キングヘイロー〜自らの"居場所"を探し続けた先にあったもの~

デビュー前から期待の良血と噂されていた評判馬が、実際にデビュー戦を勝利して「この馬は、間違いなく将来GⅠを勝ちそうだな」と思った経験は、きっと多くの競馬ファンが持っているだろう。

近年でいえば、サートゥルナーリアのデビュー戦を見た人の多くは、すぐにそう思ったに違いない。
なにせ、父は史上最強クラスのスプリンターと言われたロードカナロアで、母は日米オークス馬のシーザリオ。さらに、兄にはGⅠ馬が2頭もいる超良血である。当然のようにデビュー前から評判となり、実際に新馬戦も圧勝した。そして半年後、サートゥルナーリアは早くもホープフルステークスでGⅠ勝利を成し遂げ、続けて皐月賞にも勝利した。

一方、後にGⅠを勝つことは予想できても、その予想とは異なる舞台でGⅠ制覇を達成した馬もいる。

キングヘイローは、まさにそんな馬の一頭だった。

キングヘイローは、デビュー戦どころか、この世に生まれ落ちた瞬間から、GⅠ制覇を期待されていたといっても過言ではない。

それは、この馬の血統を見れば一目瞭然で、父は、1986年の凱旋門賞などGⅠを4勝し、1980年代のヨーロッパ最強馬といわれたダンシングブレーヴ。

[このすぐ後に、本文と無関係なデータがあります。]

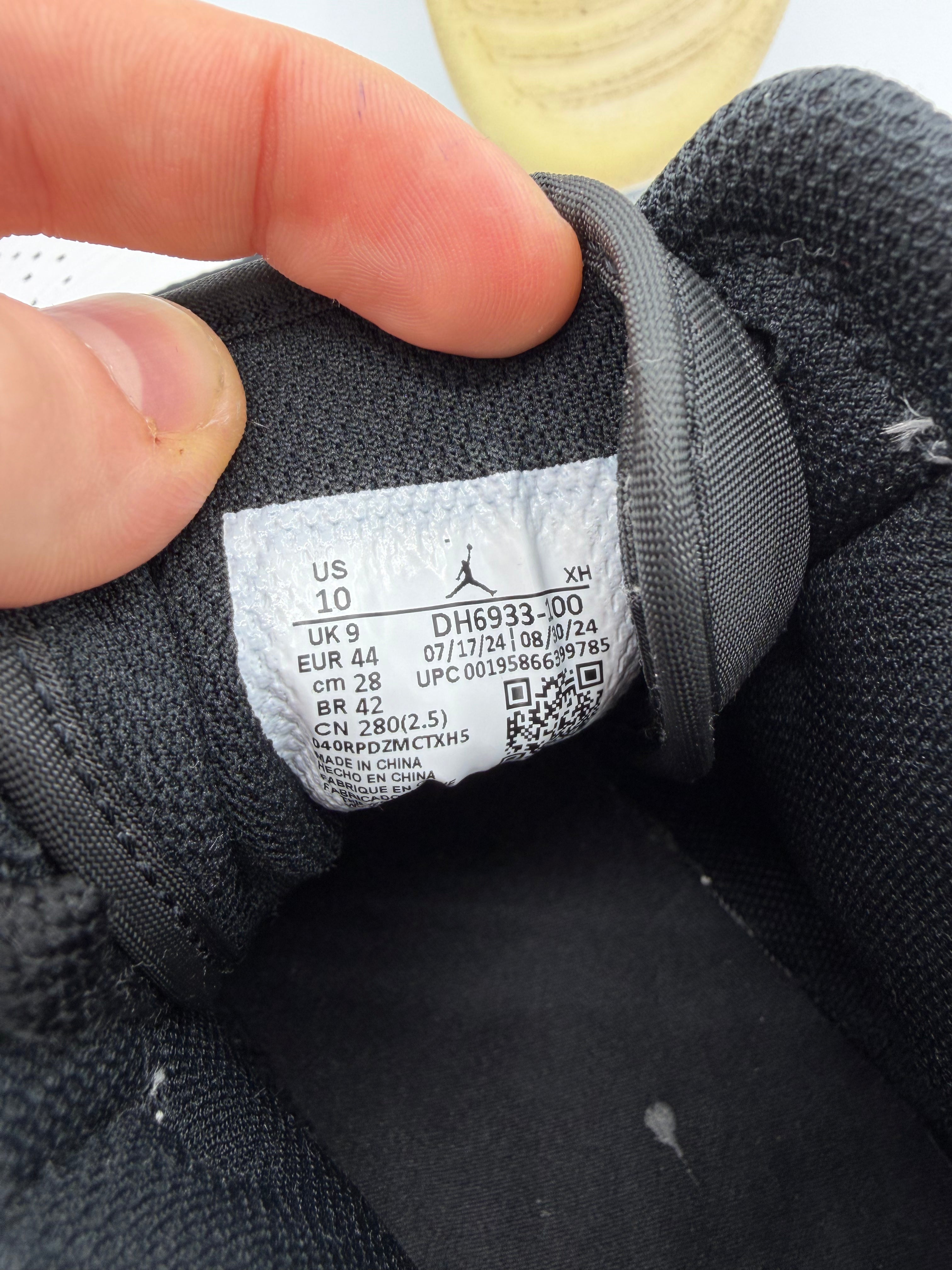 Jordan 1 Mid Diamond Shorts - 44Eu (USED)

母は、ケンタッキーオークス他、米国のGⅠを7勝もしたグッバイヘイローという世界的な超良血である。

当然のことながら、そんな超良血馬にはクラシックでの勝利が期待されたのは言うまでもない。

2歳になった1997年。栗東の坂口正大厩舎へと入厩したキングヘイローは、当時、デビュー2年目の福永騎手を鞍上に配し、10月の京都競馬場でデビュー戦を迎えた。

世界レベルの超良血馬としては意外にも2番人気という評価だったが、レースでは、2番手追走から、やや若さを見せつつ直線はしっかりと抜け出し、まずは無事に初陣を飾った。そこから中2週で迎えた2戦目の黄菊賞では、前走をさらに下回る3番人気に甘んじたものの、最後方追走から直線で全頭を差し切る離れ業を演じて2連勝。これにより関西では完全にその名を知られ、多くの人に、近い将来GⅠを勝つことを予想させる存在となった。

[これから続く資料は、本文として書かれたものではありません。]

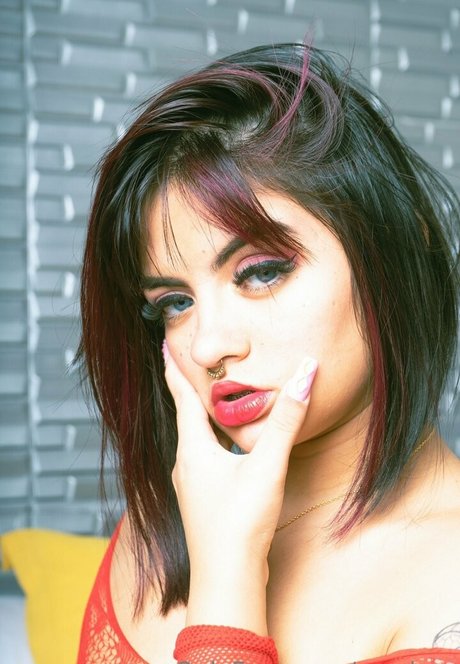 dicke trans-onlyfans erotische kunst galerie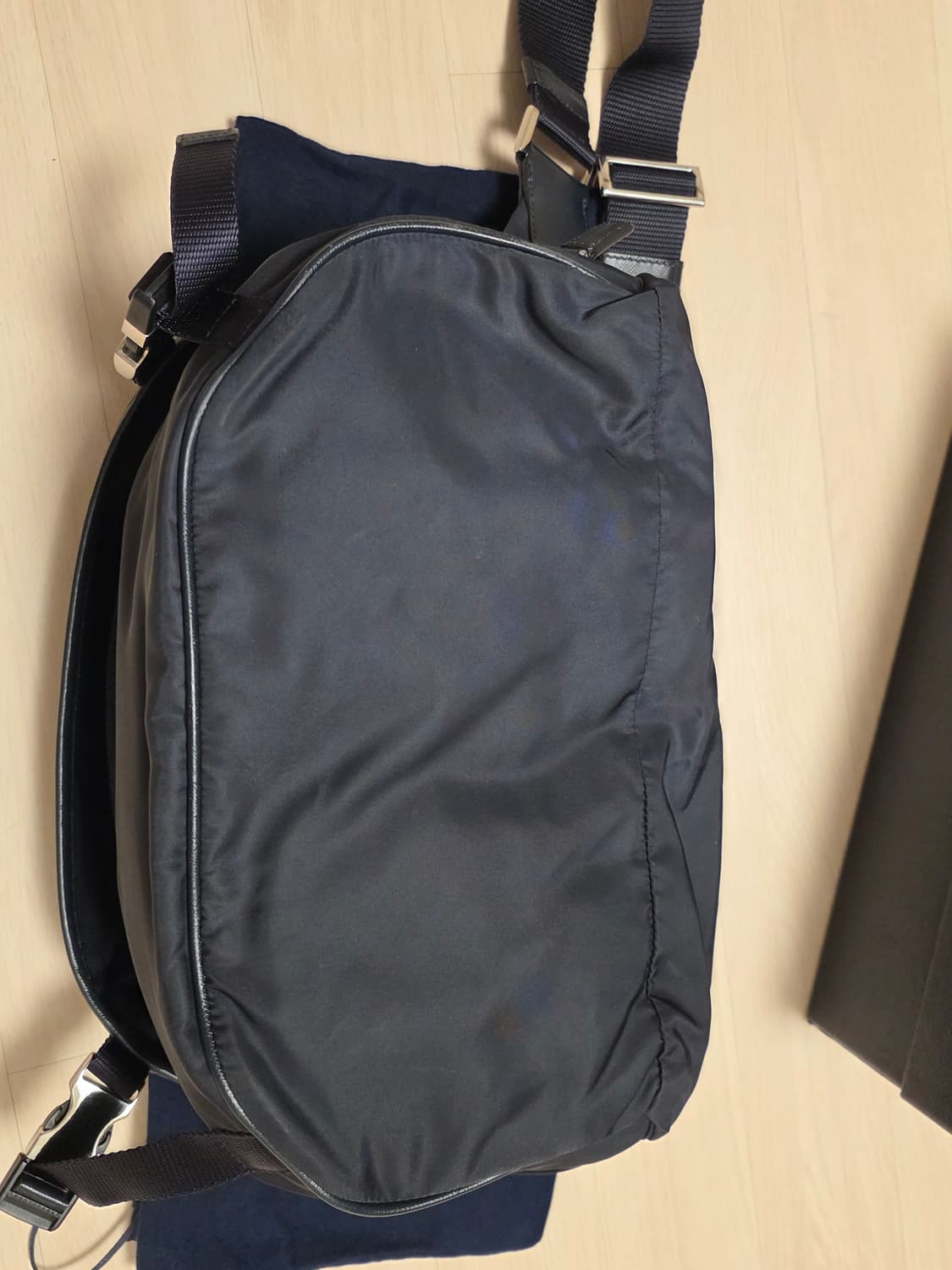 프라다 바이커 백 라지 사이즈 상품이미지3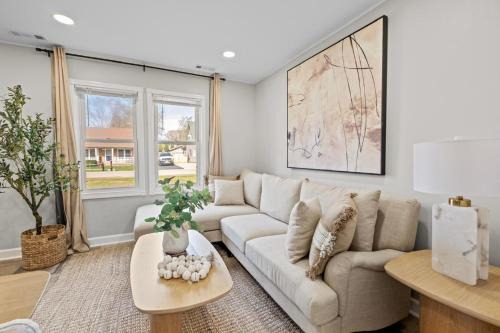 North Shore Apartamento | Charming Crystal Lake Retreat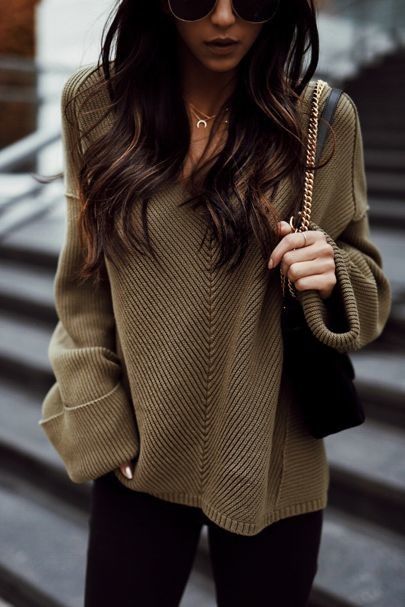 V-neck sweater brown and black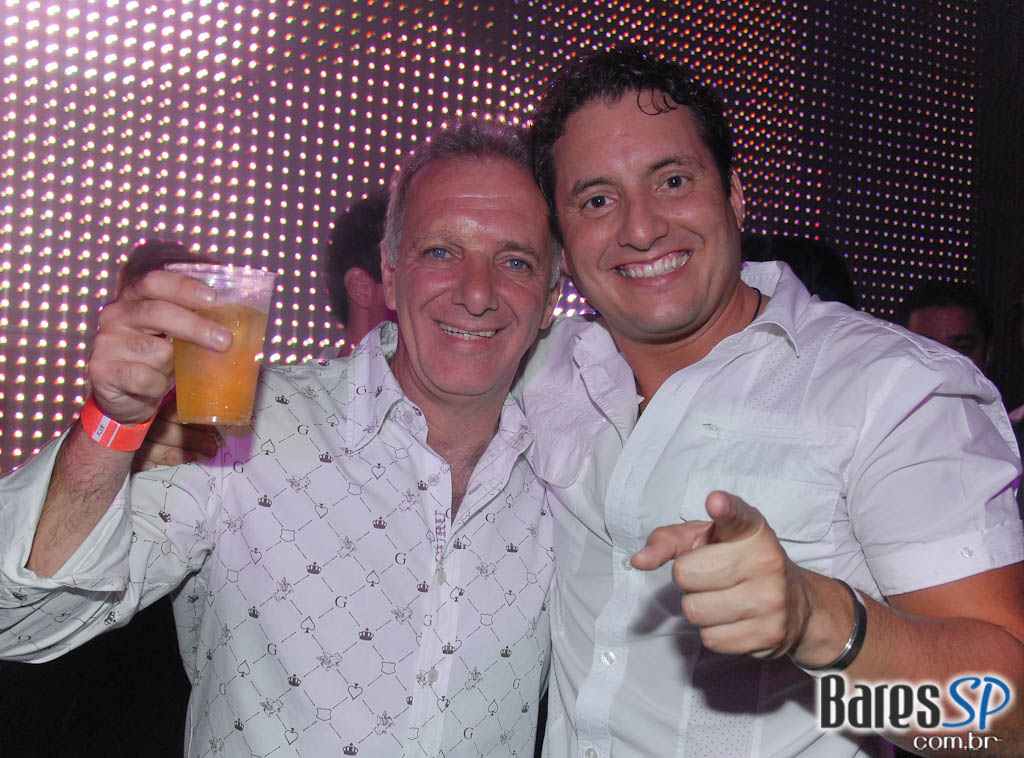 Pucci comemora 11 anos no Terraço Daslu Pucci comemora 11 anos no Terraço Daslu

続けて陣営は、東京スポーツ杯3歳S(現・東京スポーツ杯2歳ステークス)への出走を選択。
黄菊賞での派手な勝ちっぷりから、ここではさすがに1番人気に推されると、直線であっさりと抜け出して2着に2馬身半差をつける完勝。これが、福永騎手にとっても重賞初制覇であった。さらには2歳コースレコードのおまけも付き、3戦目にしてこれまでで最も強い競馬を見せつけた。

また、この勝利により、翌春のクラシックの筆頭候補として、キングヘイローの名は全国区となった。
このとき2着に下したマイネルラヴが、次走の朝日杯3歳ステークス(現・朝日杯フューチュリティステークス)で2着に好走したことも、その評価をいっそう高める要因となったのである。

さらに年末。出世レースとして名高いラジオたんぱ杯3歳ステークス(現・ホープフルステークス)に出走したキングヘイローは、単勝1.4倍の圧倒的な1番人気に推された。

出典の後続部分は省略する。